At the council meeting of September 19, 2011 Judy Bryant predicted, “We are in for a shock.” She was referring to the reaction of Londoners when they realized the magnitude of the structure that the current council seems prepared to allow to be built there.
When an artist’s rendering was presented at the public site plan meeting on Tuesday evening, reports on Twitter have it that the audience “gasped”.
This was curious, since the public gallery holds 90 people. I had hoped that there would be a good turnout, but well over 100? And only two neighbouring homes would be directly impacted.
We soon learned the reason why. Although this meeting had been scheduled for more than a month, for some reason the council chambers had to undergo construction earlier in the day and was not available. The public which had been specifically to attend this meeting, the last which would afford them an opportunity to have input, would have to make do with a smaller venue, one that was limited in size and sight lines for the public.
Additionally, there appeared to be problems with the microphones which made it difficult for those in attendance to understand how their representatives at the committee were responding to the difficulty. Advised by the city solicitor that postponing to a time when the public could be better accommodated would be in order, and in response to a motion by Councillor Bryant to do so, the remainder of the committee—Councillors Polhill (chair), Swan, White, Henderson and Orser (acting mayor)—remained silent. Without a seconder the motion died.
The public was not happy. They wanted everyone to be included. “Postpone! Postpone” they chanted, but the chair chose to continue.
Councillor Paul Hubert was also there. He had previously represented that area but, not being a member of the committee, could do some scouting. He quickly found that there was no construction going on, just some new monitors had been installed. There weren’t any microphones available, but a member of the custodial staff quickly retrieved those. A recess was called and everyone scuttled off down the hall to the council chambers where they were joined by those of us who had been waiting. By now it was nearly 8 o’clock although the meeting was to have commenced at 7 p.m.
Landscape Planner Linda McDougall made a brief presentation of the staff report which indicated that all outstanding matters were now resolved and, at council’s direction, the owner, Tony Graat of Ayreswood, could go ahead and erect a 12 storey, 165 unit building, 27 by 97 meters in a woodlot halfway up Reservoir Hill overlooking Springbank Park.
Alan Patton, agent for the developer, took his turn. In his 30 years of practice, he had never seen as much public consultation on a development as on this one, he claimed. Whether or not the public had actually been heard or its concerns taken into account, he didn’t say. But he was not happy with an online petition he had come across which made it clear that some wanted to undermine the developer’s ability to make some money on this development.
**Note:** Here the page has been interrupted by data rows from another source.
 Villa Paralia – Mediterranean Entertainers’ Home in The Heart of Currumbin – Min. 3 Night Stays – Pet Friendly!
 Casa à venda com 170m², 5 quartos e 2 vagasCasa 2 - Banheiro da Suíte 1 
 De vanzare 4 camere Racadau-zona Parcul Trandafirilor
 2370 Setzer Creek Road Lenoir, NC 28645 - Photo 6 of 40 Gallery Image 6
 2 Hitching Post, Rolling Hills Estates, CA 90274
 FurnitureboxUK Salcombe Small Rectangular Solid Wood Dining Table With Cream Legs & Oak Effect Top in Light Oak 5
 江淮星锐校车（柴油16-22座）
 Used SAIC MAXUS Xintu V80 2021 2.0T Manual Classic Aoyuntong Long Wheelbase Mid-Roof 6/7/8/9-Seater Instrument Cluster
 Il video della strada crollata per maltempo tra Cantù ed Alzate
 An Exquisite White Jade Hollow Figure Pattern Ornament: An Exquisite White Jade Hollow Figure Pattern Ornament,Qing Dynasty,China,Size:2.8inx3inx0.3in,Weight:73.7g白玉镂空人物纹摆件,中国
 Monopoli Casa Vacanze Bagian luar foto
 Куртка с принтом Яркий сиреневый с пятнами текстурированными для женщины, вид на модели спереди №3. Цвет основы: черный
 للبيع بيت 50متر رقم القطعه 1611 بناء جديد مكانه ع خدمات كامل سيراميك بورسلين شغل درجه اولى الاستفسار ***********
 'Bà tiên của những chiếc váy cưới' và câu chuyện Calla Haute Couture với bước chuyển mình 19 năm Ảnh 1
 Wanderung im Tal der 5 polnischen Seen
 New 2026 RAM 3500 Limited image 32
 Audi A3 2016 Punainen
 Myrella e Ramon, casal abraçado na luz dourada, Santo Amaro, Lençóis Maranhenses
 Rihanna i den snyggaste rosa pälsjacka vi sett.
Councillor Joe Swan suggested the perhaps the public should be allowed to speak for itself.
Bud Polhill, as chair of the committee, wanted to start at the left side of the gallery and do the rounds from there; say your piece now, he advised them, because he didn’t want to have to go back to that side later.
“Why not?” people wanted to know. They had already discussed the order of speakers among themselves. “We can just go to the mike.” That seemed to be a novel approach to Polhill; he was used to directing speaker traffic, but eventually he gave up trying to herd them and let them pick their own speaking times.
This application has been doing the rounds for more than 10 years. It has been back and forth to the Ontario Municipal Board and the courts for interpretation. Although members of the community had fought to stop any development, most had realized that that was not an option.
But neither had the developer been given carte blanche. The original proposal had to be scaled down from two towers to one. Both staff and council had been firm on that, and they had been supported in subsequent OMB rulings. Instead, the proponent put forward a building that was 57% larger than one of the original buildings and kept coming back with the same proposal. It still had not effectively changed.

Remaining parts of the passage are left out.